My target audience for this book is basically anyone over the age of majority, from any generation, in university or not. But like with any of my writings, it’s also for that person out there who’s going through something in life and gets a bit of relief knowing that they’re not alone. Genre: Literary Fiction.
This book concerns two different demographic groups:
one, childhood friends re-united in their late teens/early 20s and finding that each has changed in a disconcerting way; and the other, a group of friends in their early-to-mid-30s who spend too much time waxing nostalgic, perhaps avoiding the cold fact that their best days are behind them. It also involves two people trying to get over past relationships and ultimately finding each other, one person trying to find out who her bio-dad is and learning what is the definition of a real family, and one other trying to find herself after falling in love too quickly and after from a great height and then being “erased” on social media. To the last part, there is the idea of being spurned and then exacting vengeance.

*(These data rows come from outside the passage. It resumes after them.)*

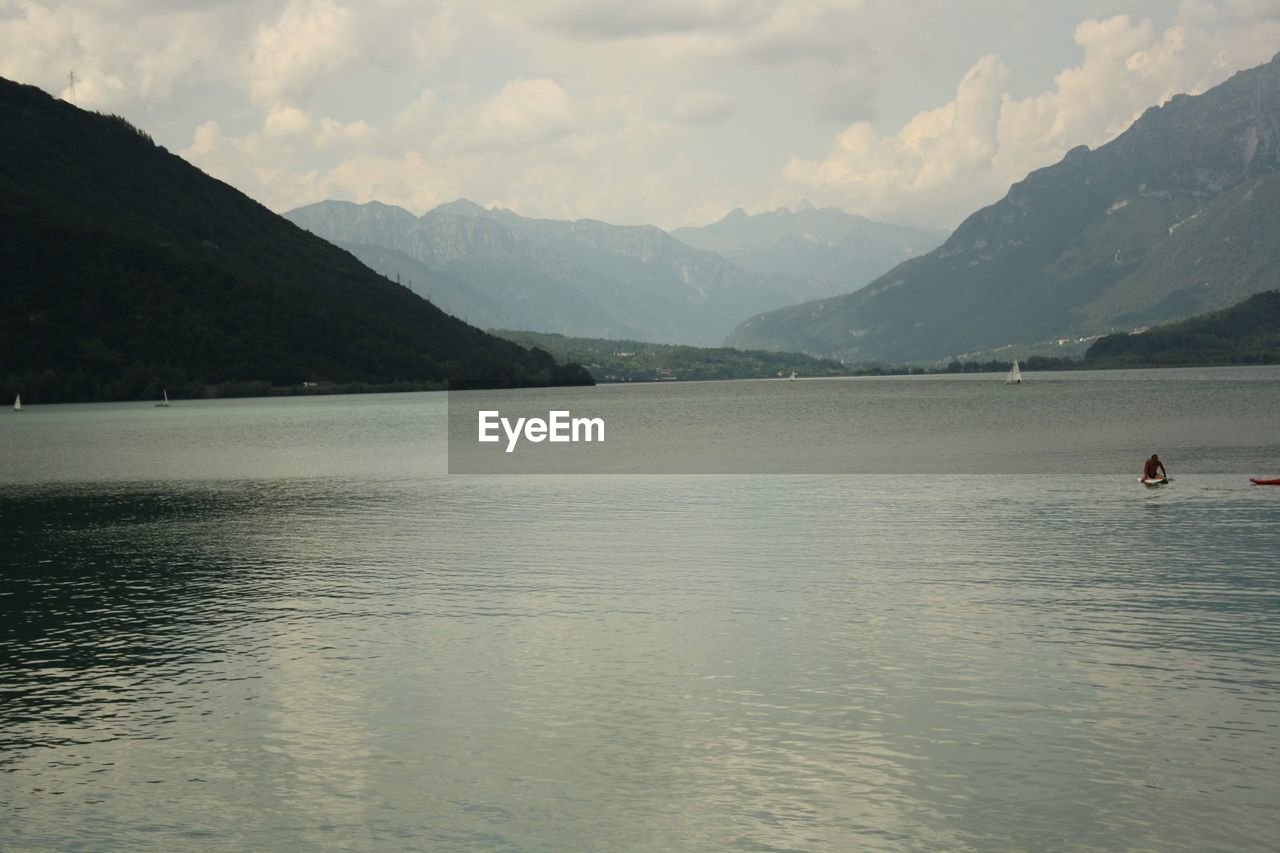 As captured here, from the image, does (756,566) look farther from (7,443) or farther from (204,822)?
(7,443)

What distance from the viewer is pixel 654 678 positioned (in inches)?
1249

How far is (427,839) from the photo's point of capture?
21.3m

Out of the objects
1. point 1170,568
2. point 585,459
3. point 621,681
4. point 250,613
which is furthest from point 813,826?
point 585,459

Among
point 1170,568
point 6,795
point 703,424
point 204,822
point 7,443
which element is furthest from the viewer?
point 703,424

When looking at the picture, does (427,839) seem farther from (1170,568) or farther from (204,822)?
(1170,568)

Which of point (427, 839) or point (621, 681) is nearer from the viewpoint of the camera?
point (427, 839)

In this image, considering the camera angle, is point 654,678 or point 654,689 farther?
point 654,678

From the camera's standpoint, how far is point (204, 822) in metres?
22.3

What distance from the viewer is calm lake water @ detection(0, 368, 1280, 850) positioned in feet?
72.7

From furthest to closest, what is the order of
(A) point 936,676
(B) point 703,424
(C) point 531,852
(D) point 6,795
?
(B) point 703,424, (A) point 936,676, (D) point 6,795, (C) point 531,852

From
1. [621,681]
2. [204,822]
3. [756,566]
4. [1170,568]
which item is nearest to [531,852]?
[204,822]

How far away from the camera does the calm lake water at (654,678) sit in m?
22.2

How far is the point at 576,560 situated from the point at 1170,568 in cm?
2366

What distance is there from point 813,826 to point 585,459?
3760 inches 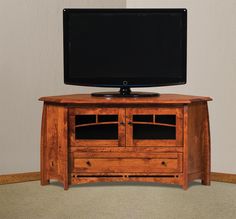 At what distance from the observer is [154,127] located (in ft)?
11.7

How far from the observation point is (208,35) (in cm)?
391

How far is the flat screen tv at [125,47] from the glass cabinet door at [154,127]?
0.22 m

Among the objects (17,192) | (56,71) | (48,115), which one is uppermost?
(56,71)

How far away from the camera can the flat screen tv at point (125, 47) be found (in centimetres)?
370

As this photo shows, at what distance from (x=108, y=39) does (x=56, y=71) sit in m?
0.50

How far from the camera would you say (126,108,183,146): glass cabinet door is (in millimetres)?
3557

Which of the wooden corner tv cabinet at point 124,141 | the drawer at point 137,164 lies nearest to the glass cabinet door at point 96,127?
the wooden corner tv cabinet at point 124,141

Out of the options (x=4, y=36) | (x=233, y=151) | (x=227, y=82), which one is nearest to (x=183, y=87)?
(x=227, y=82)

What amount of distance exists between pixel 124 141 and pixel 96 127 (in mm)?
212

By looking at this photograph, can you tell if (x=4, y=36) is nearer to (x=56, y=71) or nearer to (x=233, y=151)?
(x=56, y=71)

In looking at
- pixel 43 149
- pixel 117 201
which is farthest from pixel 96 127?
pixel 117 201

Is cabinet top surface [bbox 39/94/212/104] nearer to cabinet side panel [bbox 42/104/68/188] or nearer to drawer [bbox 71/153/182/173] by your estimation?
cabinet side panel [bbox 42/104/68/188]

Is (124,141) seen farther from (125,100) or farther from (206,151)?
(206,151)

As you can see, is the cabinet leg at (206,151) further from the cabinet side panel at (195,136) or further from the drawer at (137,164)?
the drawer at (137,164) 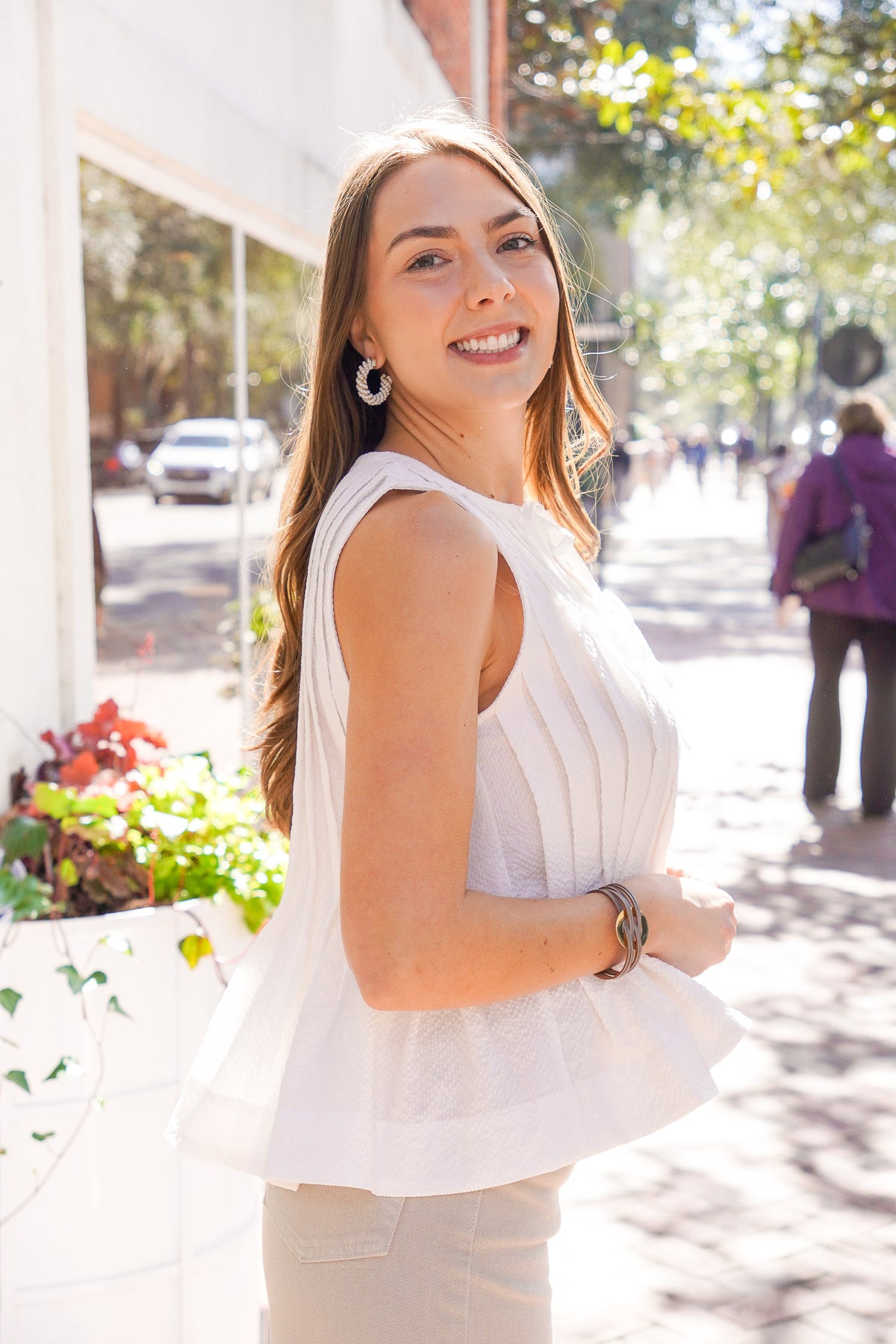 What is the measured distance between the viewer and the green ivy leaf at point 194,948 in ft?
8.94

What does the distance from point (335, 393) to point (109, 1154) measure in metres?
1.61

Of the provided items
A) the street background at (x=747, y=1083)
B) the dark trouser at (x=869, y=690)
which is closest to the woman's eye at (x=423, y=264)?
the street background at (x=747, y=1083)

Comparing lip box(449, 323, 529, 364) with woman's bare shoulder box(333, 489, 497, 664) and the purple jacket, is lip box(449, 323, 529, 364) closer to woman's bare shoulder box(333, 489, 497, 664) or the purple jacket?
woman's bare shoulder box(333, 489, 497, 664)

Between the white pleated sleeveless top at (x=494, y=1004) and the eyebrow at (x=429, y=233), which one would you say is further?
the eyebrow at (x=429, y=233)

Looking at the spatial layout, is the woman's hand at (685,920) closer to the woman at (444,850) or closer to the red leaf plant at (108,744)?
the woman at (444,850)

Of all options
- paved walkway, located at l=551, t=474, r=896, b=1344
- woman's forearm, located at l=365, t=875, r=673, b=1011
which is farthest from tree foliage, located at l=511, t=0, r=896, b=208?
woman's forearm, located at l=365, t=875, r=673, b=1011

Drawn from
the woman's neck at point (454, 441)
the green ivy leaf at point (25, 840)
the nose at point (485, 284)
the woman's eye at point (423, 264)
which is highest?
the woman's eye at point (423, 264)

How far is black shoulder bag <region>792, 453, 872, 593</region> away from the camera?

There’s also the idea that, in a place like Montreal, people can and do meet, and sometimes in the most peculiar circumstances. There are often only three or four degrees of separation between people, and even less if you run in the same circles (e.g., artistic, political, academic, etc.). Another idea within this work is the Montreal, and by extension Quebec, of the modern era. All too often, literary works about Montreal are focussed through the lens of the past, some as late as the mid-1980s, choosing to avoid the realities and politics of the post-1995 era, probably because it isn’t sexy or stereotypical enough. While history is always interesting, I prefer to write about the here-and-now and how we got to this point.
For the future of “Then Let’s Keep Dancing”, it appears that has now become book 2 of a trilogy – I hadn’t intended this when I started writing it. So, perhaps I will try to market it as part of a trilogy, rather than as a stand-alone work. Since publishing “Boomerangs and Square Pegs” in 2021, I haven’t really given much thought to how I wanted to market any of my publications, nor have I really had the energy to do so, hence my low sales as of this writing. After I publish Novel #3 this summer (2023), I will most likely turn my attention to promotion and publicity.